# Medion Nas Medion Life P89635 (MD 86803)



## Laza (22. Juli 2013)

Habe an meinem Router den Aldi Nas hängen funktioniert soweit gut.Nun habe ich meinen Pc erneuert und scheinbar hat die Intstallations DVD nen Schaden.Und bei Medion Support gibts nur nen Linux Source Code zum runterladen.
Gibts andere Software mit ich wieder an meine Daten komme und die die gleiche bzw ähnliche Funktionen hat??

Das Original hiess Medion Nas Tool .

Vielen Dank für eure Antworten


----------



## mickythebeagle (22. Juli 2013)

mach dir keinen stress!!!
die brauchst du nicht!!!
verbinde dich auf deinen router, such die ip von deinem nas und gib die  dann im Ie oder firefox ein und schon kannst wieder damit arbeiten.

Und falls Du ein Netzlaufwerk mit dem NAS gemacht hast?
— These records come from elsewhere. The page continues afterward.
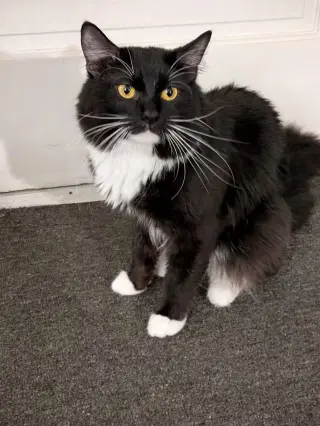 Pennylope Pussycat - Sponsored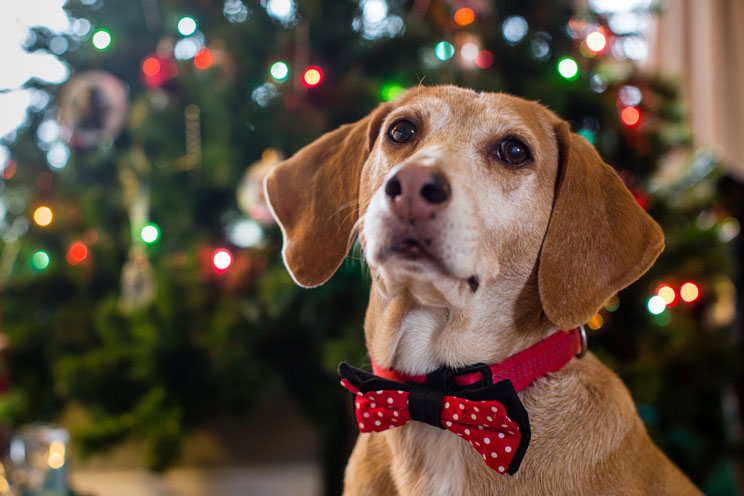 12 consejos de seguridad y bienestar para perros en Navidad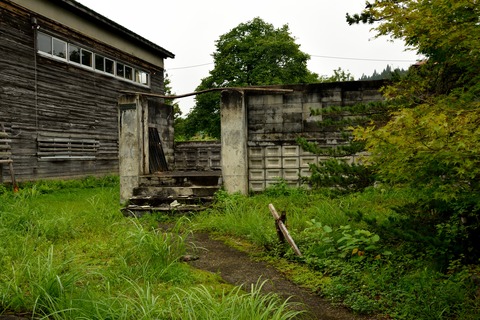 DSC_0228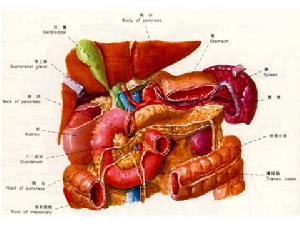 先天性十二指腸閉鎖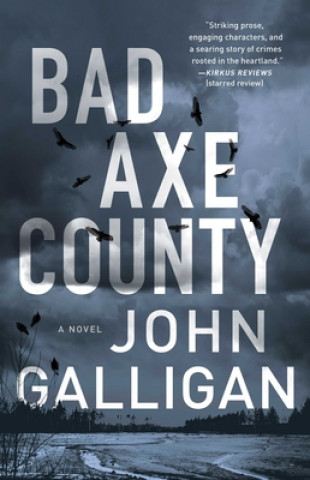 Bad Axe County: A Novelvolume 1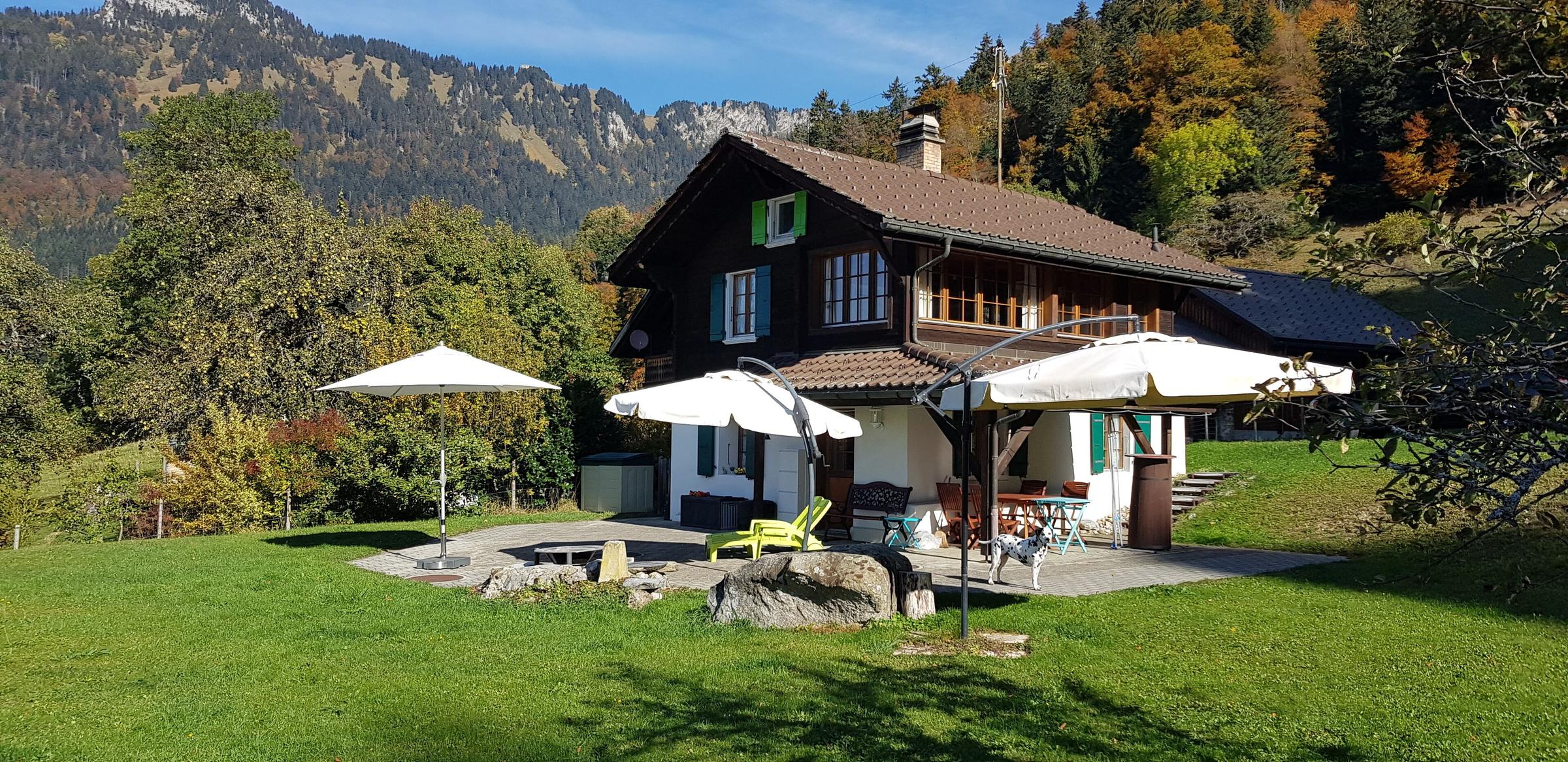 Pet Friendly Chalet with Alps & Lake Panorama Views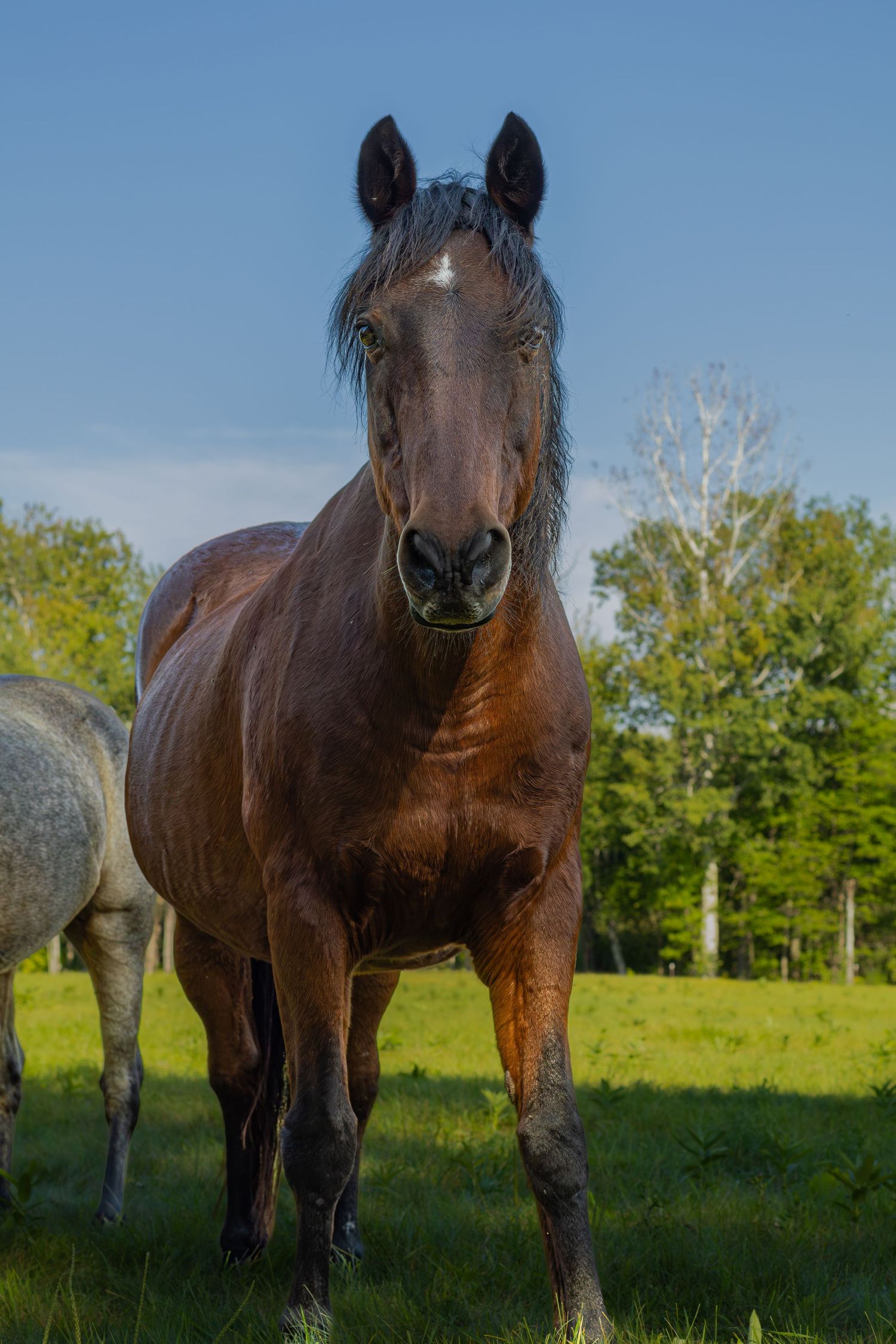 Dark bay horse standing alert in a green pasture with trees in the background on a sunny day.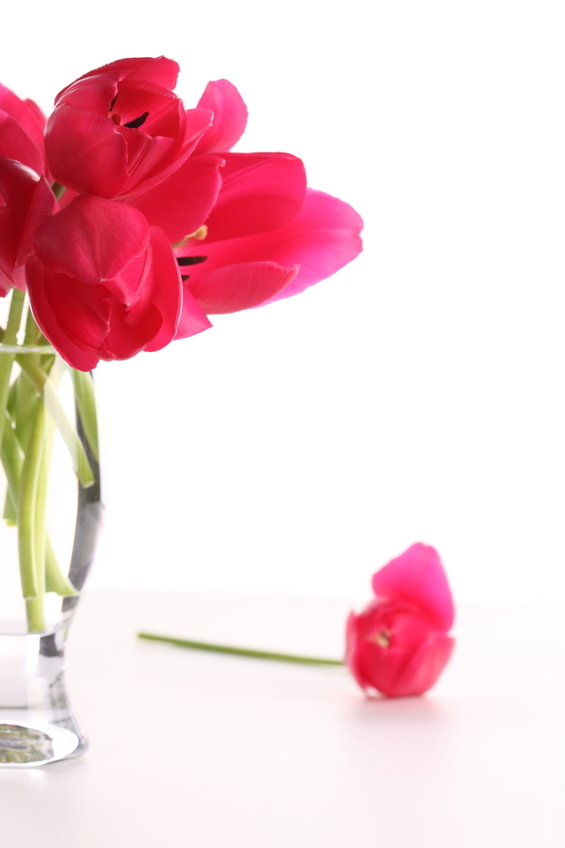 fleur tombée
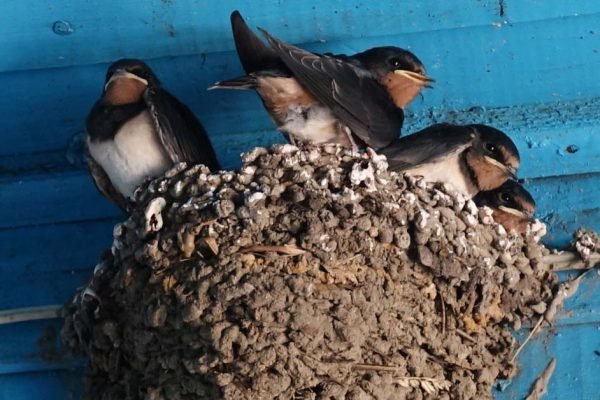 У нас на даче под крышей поселились ласточки, и только сейчас я узнала, что это значит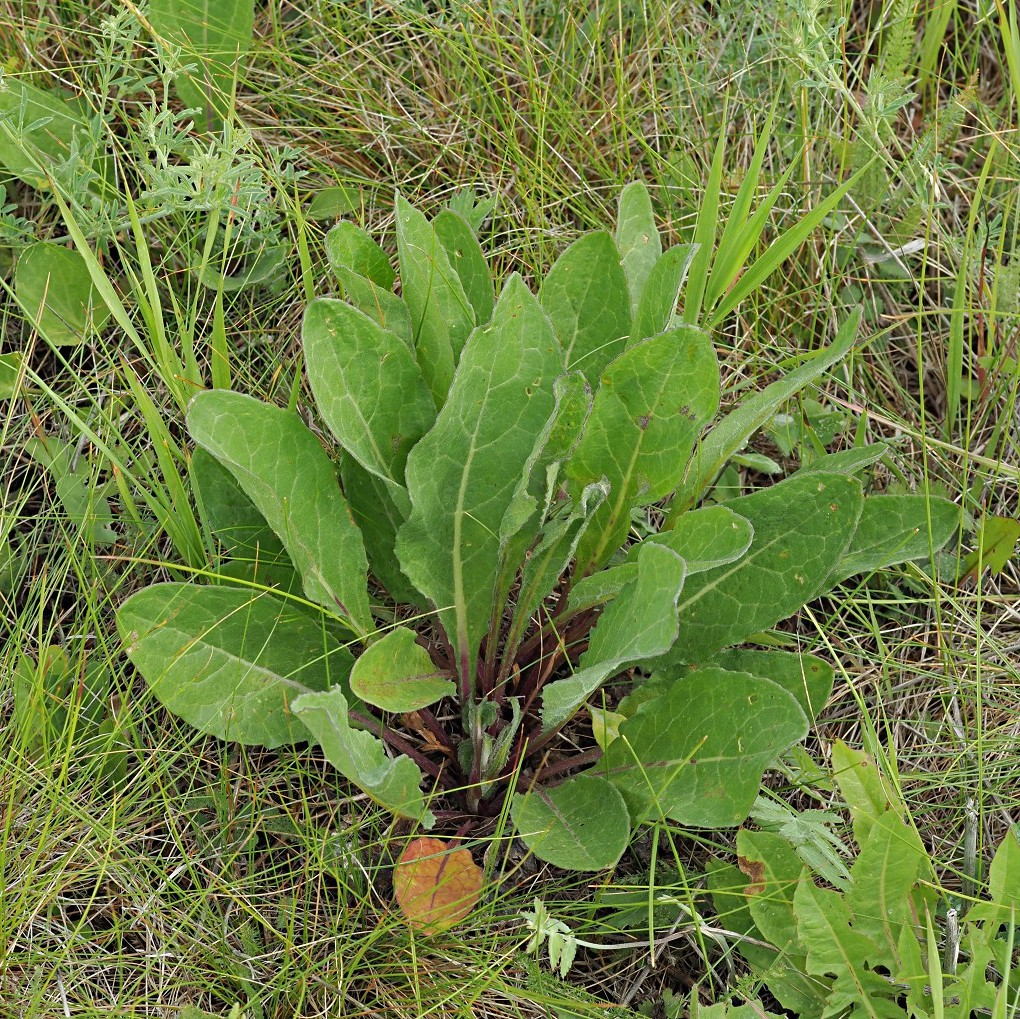 Image of Senecio paucifolius specimen.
würde ich nicht machen, weil bei jeden start deines rechners du den NAS  aus dem sleep holst, was nicht sein muss...( netzwerklaufwerke frägt der  rechner in dem moment ab deswegen weckst du dann deinen NAS)
geh einfach unter netzwerk da findest dein NAS rechte maus auf den NAS Verknüpfung Senden an Desktop und das wars...
und immer dann wenn was machen willst per samba kannst dirket auf das Icon von Nas klicken und deine Ordner sind da...
tipp: zum befüllen des NAS würde ich immer ein FTP Programm nehmen zb. rushftp
einfach mal Google nehmen.

Und falls Du doch die Cd willst sag bescheid.
Nas CD von Medion
Passend für 
MD 86517,MD 86407,MD 86587,MD 86769,MD 86803,MD 86805
könnte ich Dir dann wo hochladen


----------



## Laza (22. Juli 2013)

Danke für den Tip probiere ich aus.


----------



## mickythebeagle (23. Juli 2013)

no Prob. Und wie geschrieben, falls Du die CD doch haben willst sag bescheid.
dann bekommste die als iso datei


----------



## Laza (23. Juli 2013)

so habe das nun mal ausprobiert.wenn ich im Router menü auf den Nas klicke oder die dort stehende IP im Browser eingebe versucht er sich zu verbinden ,aber bei beiden Varianten bricht er er nach gewisser Zeit ab.Mit der Fehlermeldung Zeitüberschreitung .
Das Laufwerk scheint aber zu funktionieren Wiedergabe auf anderen Geräten problemlos möglich.Nur bei meinen Netzwerklaufwerken auf dem Pc finde ich nix.Kennst du zufällig ne Seite wo es ne Anleitung für Laien gibt um das in
Windows 7 einzubinden oder weisst sonst noch nen Tipp


----------



## mickythebeagle (23. Juli 2013)

ne, da kann ich ned helfen.

NAS-SERVER.ISO | PutLocker

Das ist die CD als *iso


----------



## Laza (23. Juli 2013)

Mit was brennt man die am besten.ImageBurn sagt er kennt das nicht.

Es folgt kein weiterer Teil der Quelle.